For the past year, Anna has been attending counselling sessions and has slowly been working up the courage to leave the house. Two weeks ago she went to her city centre for the first time in 16 years. “I reached a point where I had to step up. I wanted to be better, for myself and for my kids.”

Anna thinks it is important to share her experiences with depression with others. “People can be quite ignorant. There is such a stigma attached to depression and mental illness. I think there is a lack of understanding, education and awareness around the subject. When I was really ill, people said awful things to me. They told me that I was lazy and just using my illness as an excuse but no one would choose to have depression.”

High Profile cases such as the suicides of actor Robin Williams and footballer Gary Speed have highlighted the extent to which people hide and suffer in silence and Anna has urged people who feel low and depressed, to seek help.

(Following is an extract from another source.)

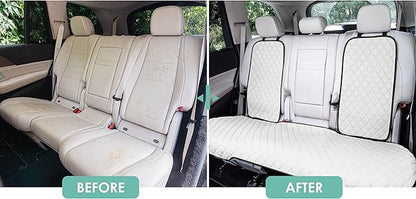 FH Group Car Seat Cushion Neosupreme Automotive Seat Cushions - Universal Fit, Rear Car Seat Cushion, Car Seat Cushions with Non-Slip Silicone Backing for SUV, Sedan, Van Rear Set White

“If you cannot talk to a friend talk to a stranger. Don’t be afraid, there is help available and by suffering in silence you let depression take hold of you and control your life.”

Although there is a long road left ahead Anna knows ‘there will be good days and bad days’ but she is ‘determined to not be a victim of depression anymore.’

Thankfully for Anna, today is a good day and she is hopeful that there are plenty more left to come.

For more information, visit: http://www.supportline.org.uk/problems/depression.php

Or call: 0845 790 9090

 Did you know…?

  • Women are 70% more likely than men to experience depression in their lifetime.

  • Men and women experience depression differently—while women tend to experience sadness and guilt, men often feel restless or angry and are more likely to turn to alcohol and drugs to cope.

  • Only 50% of people actively seek conventional treatment for depression, although a majority of people do find some relief through treatment.

  • Depression causes unnecessary suffering and is a risk factor for suicide.

  • Women and adults between the ages of 45 and 64 are most likely to meet the criteria for major depression; however, over 3% of youth ages 13-18 have also experienced a debilitating depressive episode.